═════ Excerpted data

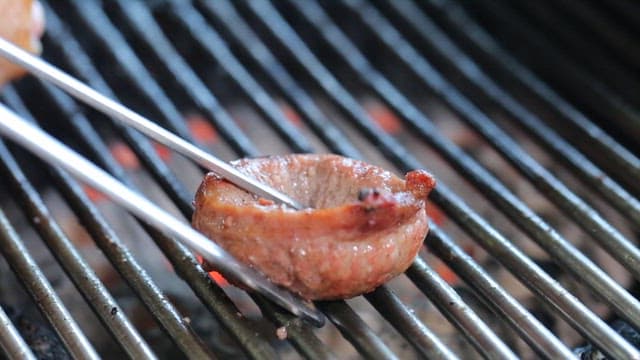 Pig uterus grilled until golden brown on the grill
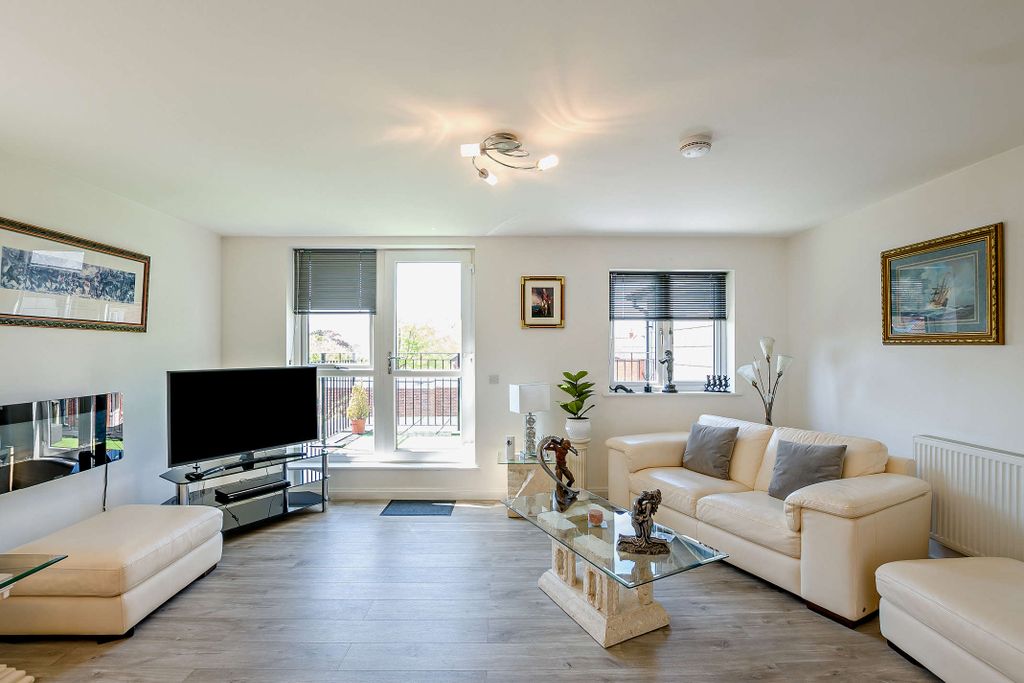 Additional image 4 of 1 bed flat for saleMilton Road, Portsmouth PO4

══════════
═════ Excerpted data

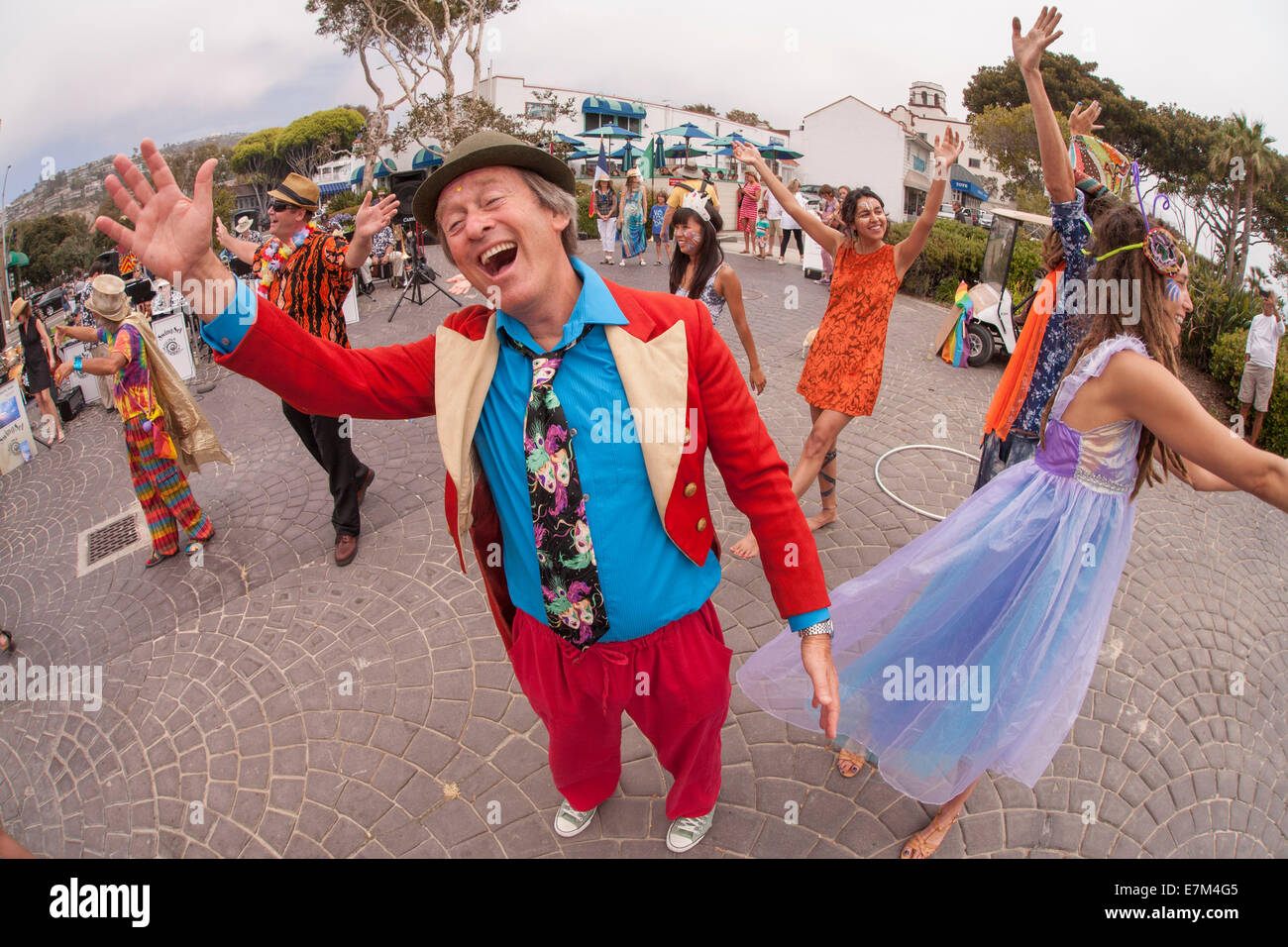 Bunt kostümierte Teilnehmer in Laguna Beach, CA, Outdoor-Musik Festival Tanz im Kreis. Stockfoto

══════════
═════ Excerpted data

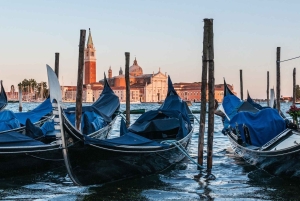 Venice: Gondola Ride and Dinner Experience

══════════

From the records above, copy only the lines running from the line containing "Pig uterus grilled" to the line containing "Additional image 4", both ends included. Leave the pictures out.

 Pig uterus grilled until golden brown on the grill
 Additional image 4 of 1 bed flat for saleMilton Road, Portsmouth PO4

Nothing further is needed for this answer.